> [Exercise data]:
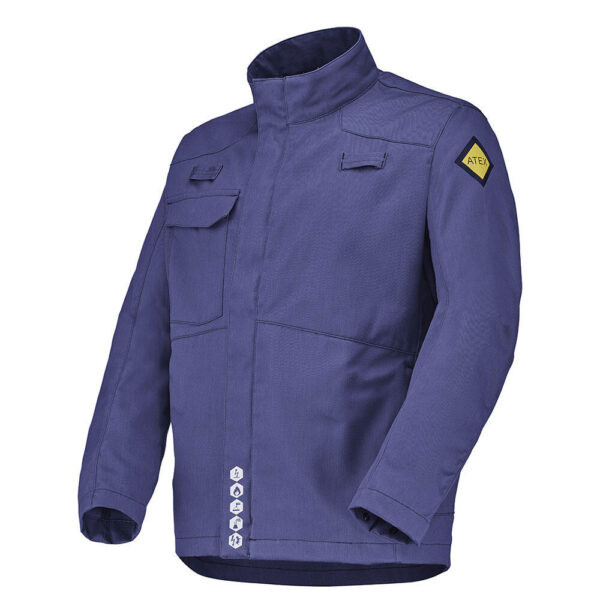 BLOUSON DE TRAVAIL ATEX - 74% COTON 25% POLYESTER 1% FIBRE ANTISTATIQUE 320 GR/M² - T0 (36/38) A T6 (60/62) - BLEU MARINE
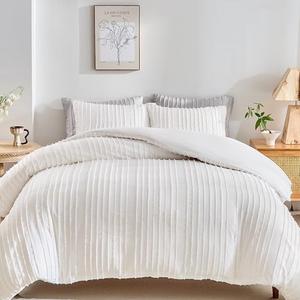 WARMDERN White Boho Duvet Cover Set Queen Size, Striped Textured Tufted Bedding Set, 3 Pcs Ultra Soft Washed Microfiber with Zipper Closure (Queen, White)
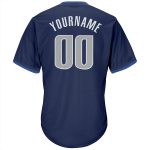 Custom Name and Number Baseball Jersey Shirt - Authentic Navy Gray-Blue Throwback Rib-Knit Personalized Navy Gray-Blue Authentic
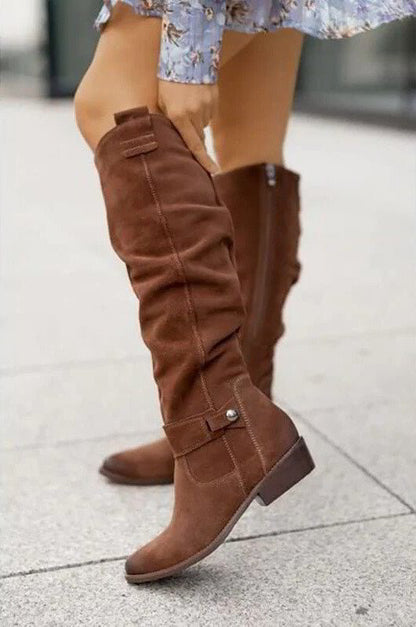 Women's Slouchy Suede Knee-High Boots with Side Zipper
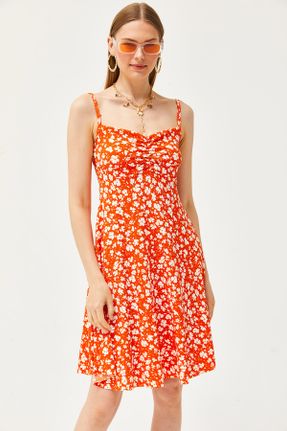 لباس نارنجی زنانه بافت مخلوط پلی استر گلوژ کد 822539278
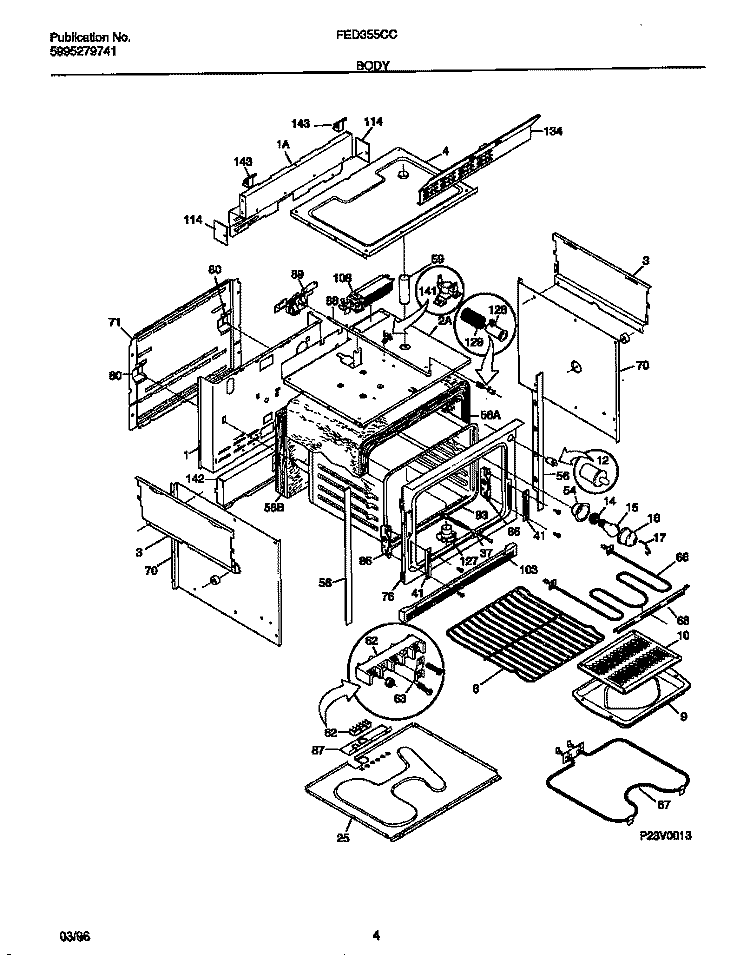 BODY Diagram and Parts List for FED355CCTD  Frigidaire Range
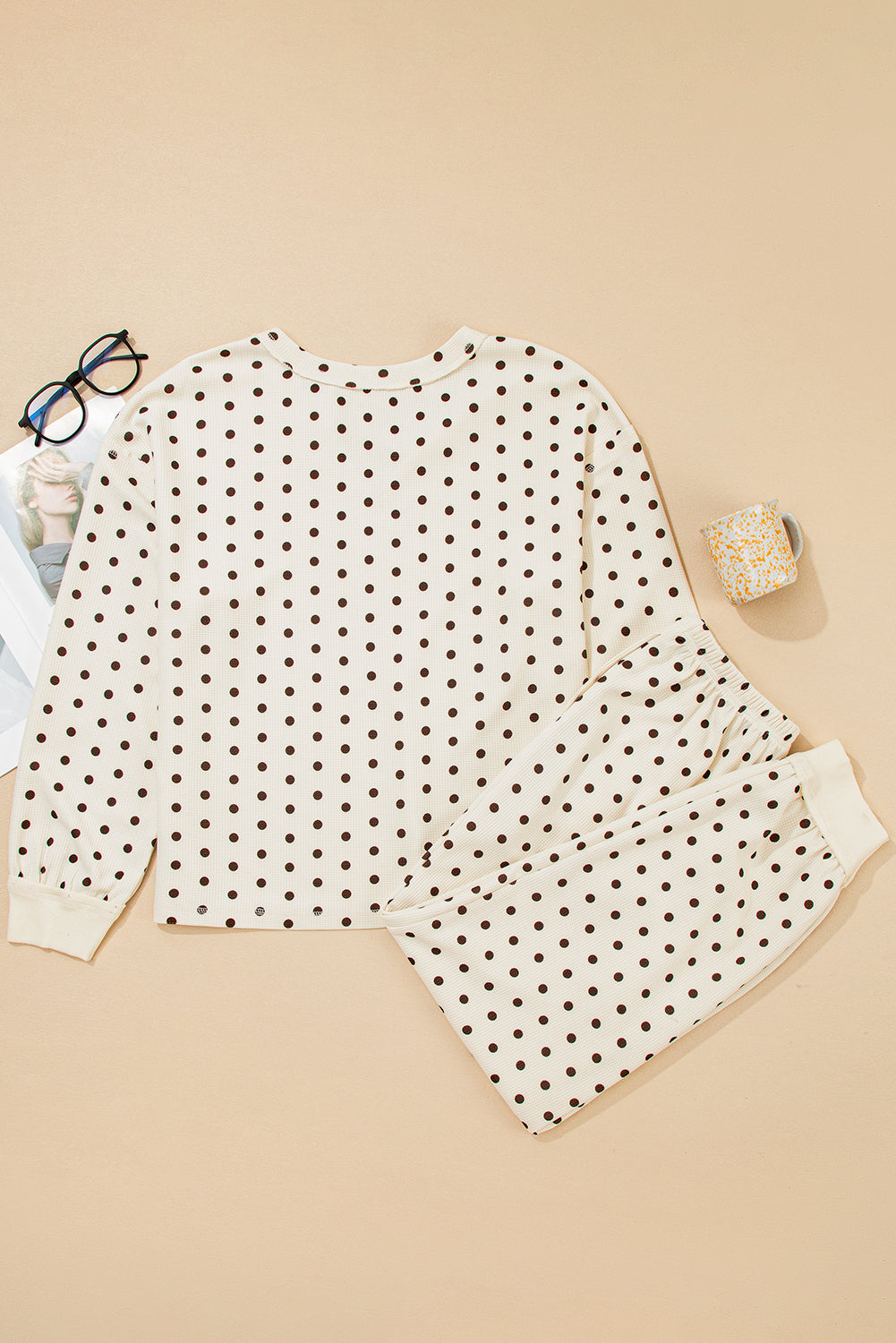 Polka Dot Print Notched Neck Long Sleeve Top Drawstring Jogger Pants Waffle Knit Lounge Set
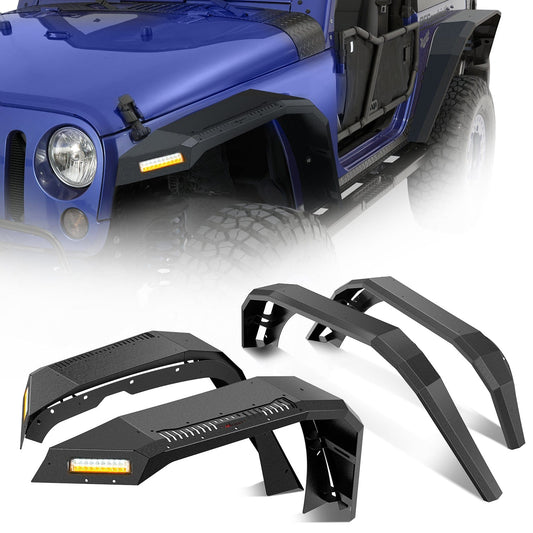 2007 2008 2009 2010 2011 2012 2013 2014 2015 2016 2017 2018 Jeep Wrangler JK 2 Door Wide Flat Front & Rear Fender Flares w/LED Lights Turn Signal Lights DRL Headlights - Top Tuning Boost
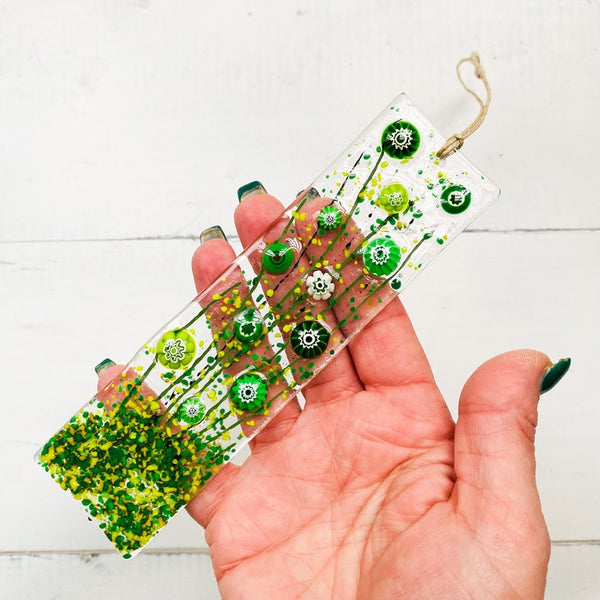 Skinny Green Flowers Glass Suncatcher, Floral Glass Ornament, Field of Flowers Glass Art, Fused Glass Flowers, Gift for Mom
==
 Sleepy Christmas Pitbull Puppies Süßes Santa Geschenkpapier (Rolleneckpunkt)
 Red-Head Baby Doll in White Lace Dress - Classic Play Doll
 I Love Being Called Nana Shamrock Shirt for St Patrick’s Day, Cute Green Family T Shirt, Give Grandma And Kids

> [The problem]: In the entries above, find the line with "Custom Name and" and the line with "BODY Diagram and". Write out exactly those two lines and every line between them, pictures excluded.

> [Response]:
 Custom Name and Number Baseball Jersey Shirt - Authentic Navy Gray-Blue Throwback Rib-Knit Personalized Navy Gray-Blue Authentic
 Women's Slouchy Suede Knee-High Boots with Side Zipper
 لباس نارنجی زنانه بافت مخلوط پلی استر گلوژ کد 822539278
 BODY Diagram and Parts List for FED355CCTD  Frigidaire Range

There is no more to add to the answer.